"""
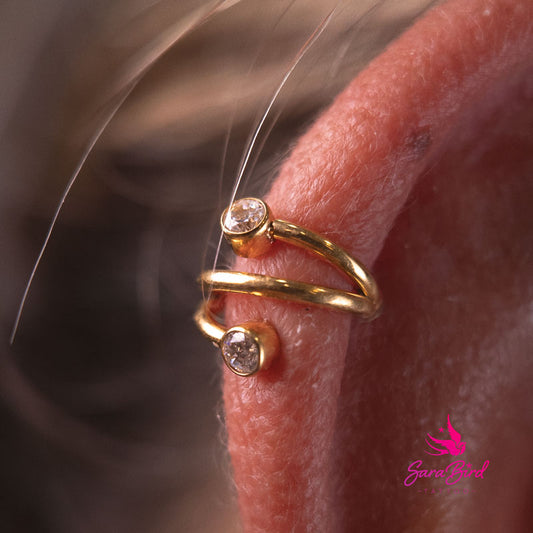 Argola em espiral com duas pedras em zircónia cúbica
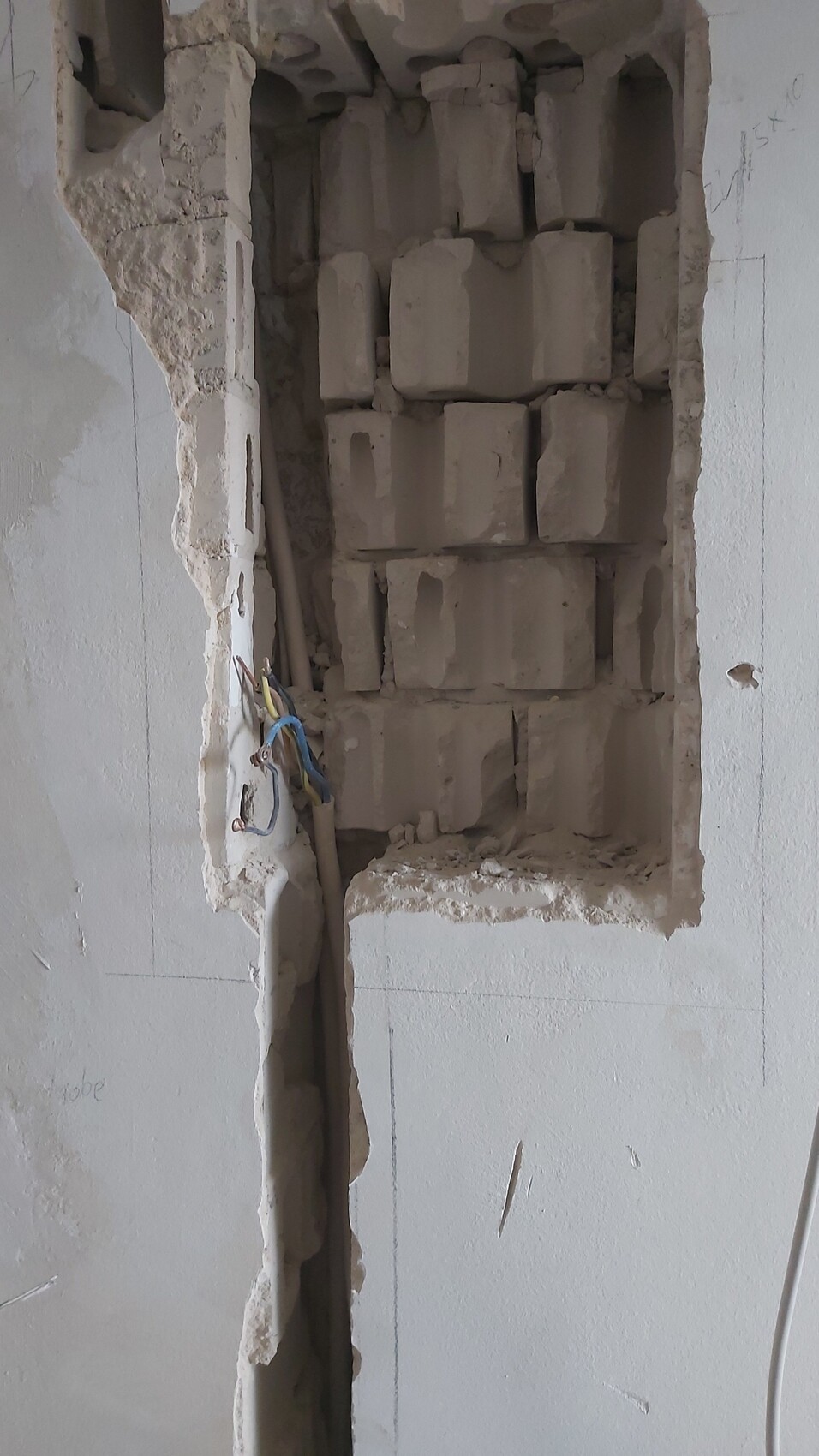 Durchbrochene Wand offenbart freiliegende Ziegelblöcke im Inneren; lose Kabel hängen seitlich.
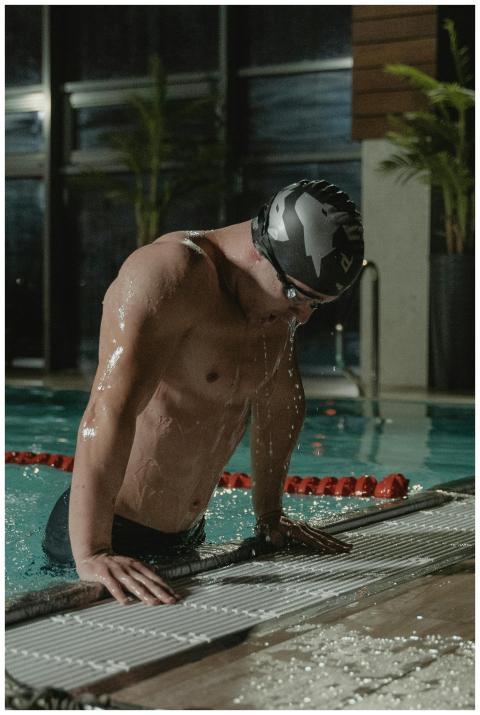 A male athlete in a swim cap exits a swimming pool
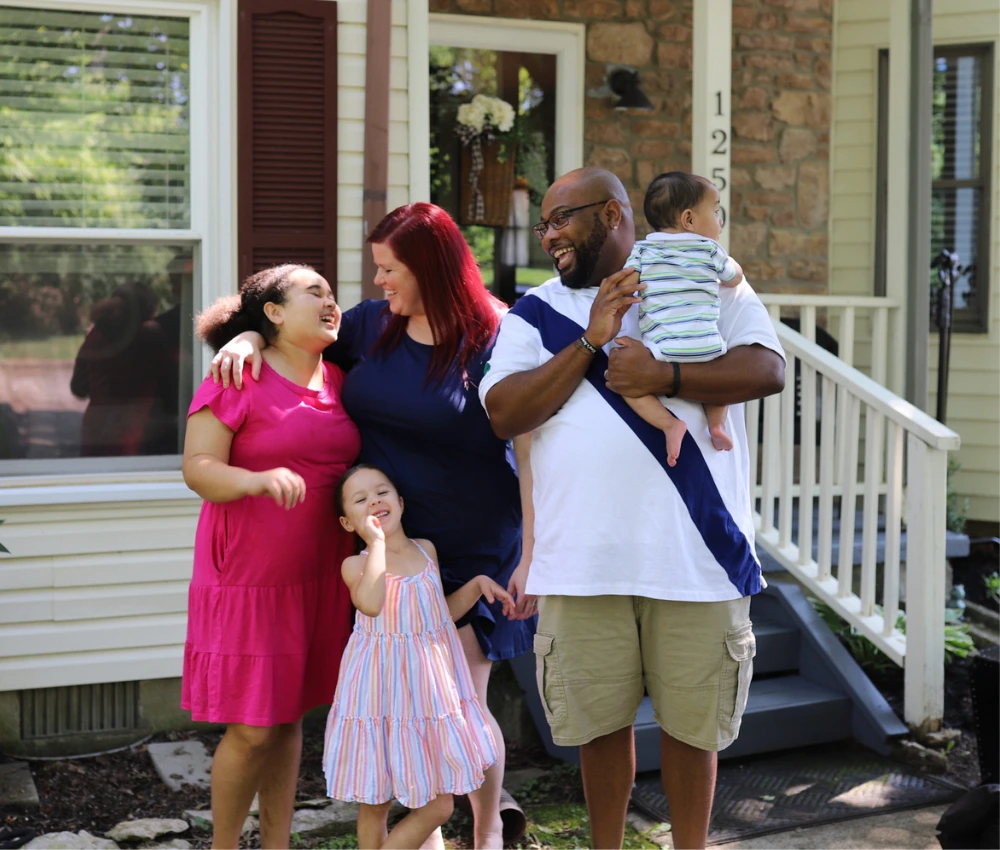 mother and father with their three children gathered outside for a family photo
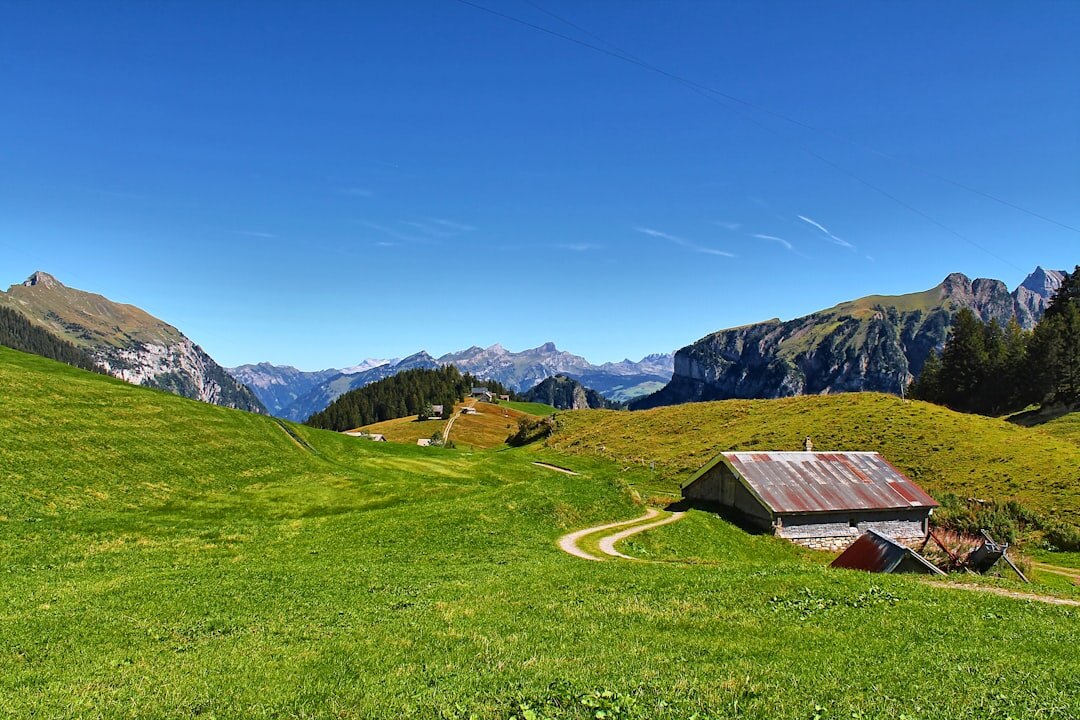 Traditional Swiss wooden chalet in the alps surrounded by mountains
"""
§ ABOUT THIS EXERCISE
Nothing but the lines from the one that contains "mother and father" through the end of the material above is to be reproduced, exactly and without pictures.

§ TASK OUTPUT
 mother and father with their three children gathered outside for a family photo
 Traditional Swiss wooden chalet in the alps surrounded by mountains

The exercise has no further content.